The records below must be retyped exactly.

▶ **Crawled caption data**
• • • • •
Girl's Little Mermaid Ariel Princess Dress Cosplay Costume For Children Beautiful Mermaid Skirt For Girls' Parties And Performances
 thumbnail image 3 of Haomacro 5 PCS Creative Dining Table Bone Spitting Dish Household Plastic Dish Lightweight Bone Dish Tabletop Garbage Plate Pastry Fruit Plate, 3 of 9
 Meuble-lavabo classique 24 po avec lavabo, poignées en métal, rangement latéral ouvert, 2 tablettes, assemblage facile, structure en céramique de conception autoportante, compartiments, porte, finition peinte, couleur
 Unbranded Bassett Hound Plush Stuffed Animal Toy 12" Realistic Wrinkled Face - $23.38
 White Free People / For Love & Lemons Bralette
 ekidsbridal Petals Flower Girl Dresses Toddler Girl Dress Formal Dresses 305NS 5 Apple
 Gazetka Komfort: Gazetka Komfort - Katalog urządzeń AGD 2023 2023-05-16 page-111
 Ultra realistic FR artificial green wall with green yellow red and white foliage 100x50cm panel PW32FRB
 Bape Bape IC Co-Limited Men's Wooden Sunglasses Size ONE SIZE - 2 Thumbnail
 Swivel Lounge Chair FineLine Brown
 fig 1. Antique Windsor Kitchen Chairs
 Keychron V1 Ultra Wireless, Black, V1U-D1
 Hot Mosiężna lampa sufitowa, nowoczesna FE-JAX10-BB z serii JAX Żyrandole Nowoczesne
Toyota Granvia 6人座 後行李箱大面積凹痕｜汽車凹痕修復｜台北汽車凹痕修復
• • • • •
▶ **Response**
Girl's Little Mermaid Ariel Princess Dress Cosplay Costume For Children Beautiful Mermaid Skirt For Girls' Parties And Performances
 thumbnail image 3 of Haomacro 5 PCS Creative Dining Table Bone Spitting Dish Household Plastic Dish Lightweight Bone Dish Tabletop Garbage Plate Pastry Fruit Plate, 3 of 9
 Meuble-lavabo classique 24 po avec lavabo, poignées en métal, rangement latéral ouvert, 2 tablettes, assemblage facile, structure en céramique de conception autoportante, compartiments, porte, finition peinte, couleur
 Unbranded Bassett Hound Plush Stuffed Animal Toy 12" Realistic Wrinkled Face - $23.38
 White Free People / For Love & Lemons Bralette
 ekidsbridal Petals Flower Girl Dresses Toddler Girl Dress Formal Dresses 305NS 5 Apple
 Gazetka Komfort: Gazetka Komfort - Katalog urządzeń AGD 2023 2023-05-16 page-111
 Ultra realistic FR artificial green wall with green yellow red and white foliage 100x50cm panel PW32FRB
 Bape Bape IC Co-Limited Men's Wooden Sunglasses Size ONE SIZE - 2 Thumbnail
 Swivel Lounge Chair FineLine Brown
 fig 1. Antique Windsor Kitchen Chairs
 Keychron V1 Ultra Wireless, Black, V1U-D1
 Hot Mosiężna lampa sufitowa, nowoczesna FE-JAX10-BB z serii JAX Żyrandole Nowoczesne
Toyota Granvia 6人座 後行李箱大面積凹痕｜汽車凹痕修復｜台北汽車凹痕修復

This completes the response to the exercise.